No, it won't be terribly impressive. But how impressive will it be if you simply give up and have no fireworks display of your own?

Most of the things I've done have been done *far* better by other people. But I still take some pride in the piece of crap sci-fi stories I've written, the patents I earned, the sculpture and whatnot I've done. Imagine how impressed people would be with the tiny little nation of Englandistan if they actually powered through and launched their first Britnaut in, say, 1980, landed a Beefeater on the Moon in 1990, staked a claim on Mars in 2010? Sure, seen from the vantage point of 1970 or so such a set of goals would have seemed both difficult *and* likely to be far less impressive than what the US and USSR were likely to accomplish. But had the Brits actually gone through with it, they'd be the leaders in spaceflight today. And even if the US and USSR had gone full "2001," Britain would *still* be far ahead of where they wound up. And don't say they couldn't have done it: SpaceX seems able to pull it off with *far* less resources than the British Empire could have thrown at it.

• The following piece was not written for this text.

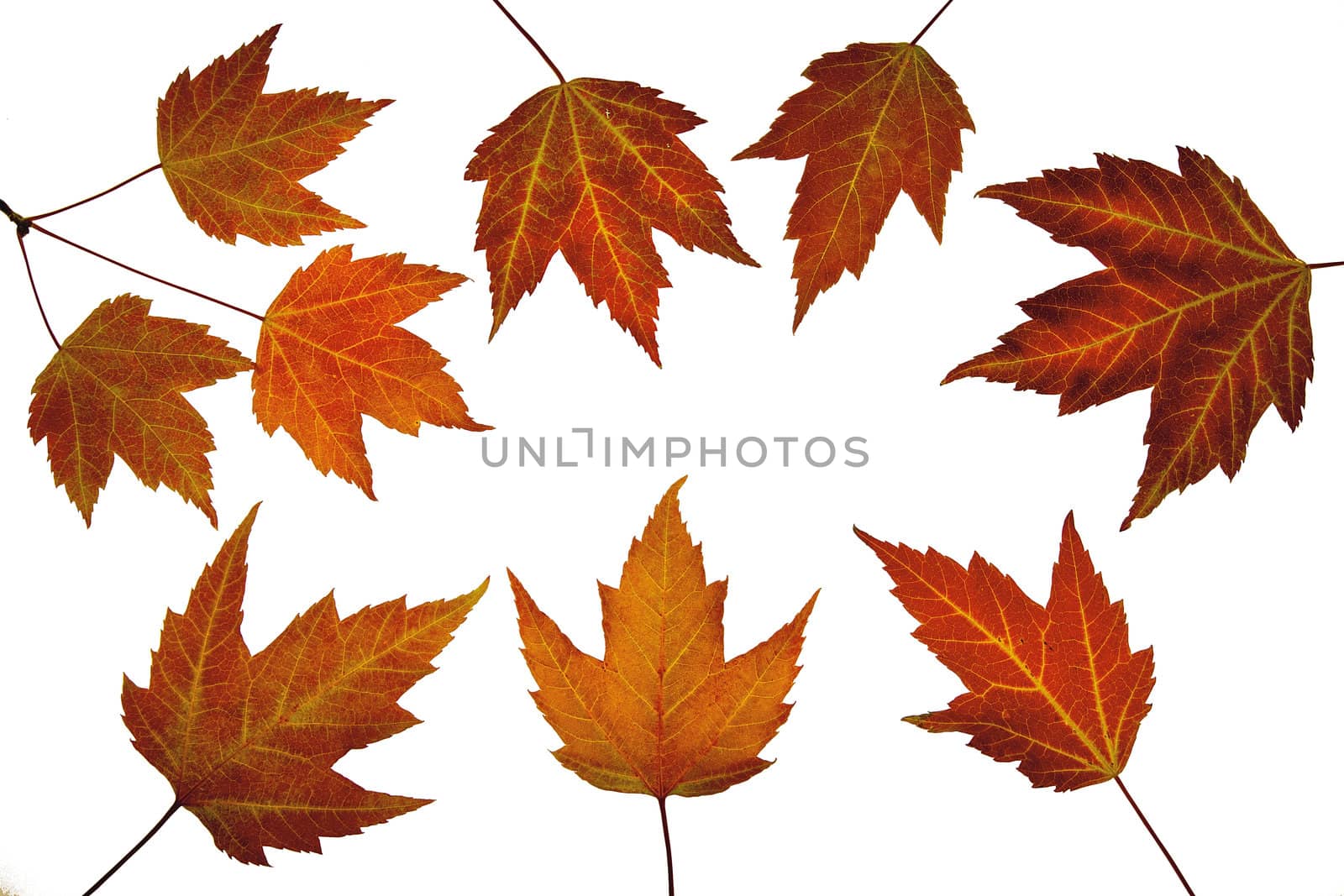 Red Maple Tree Leaves in Fall Isolated on White Background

So, yeah, your cheapass fireworks will pale compared to your Kardashian neighbors display. But it'll be *yours.* And honestly... will the fact they spent ten times as much give them ten times the pride in accomplishment?
What was the point of landing a man on the moon?
 
Oh dear, rather like discussing the Bomb, this has become somewhat emotive in conversation.
Folks try to avoid the realm if Alternative History, or take this argument there not here.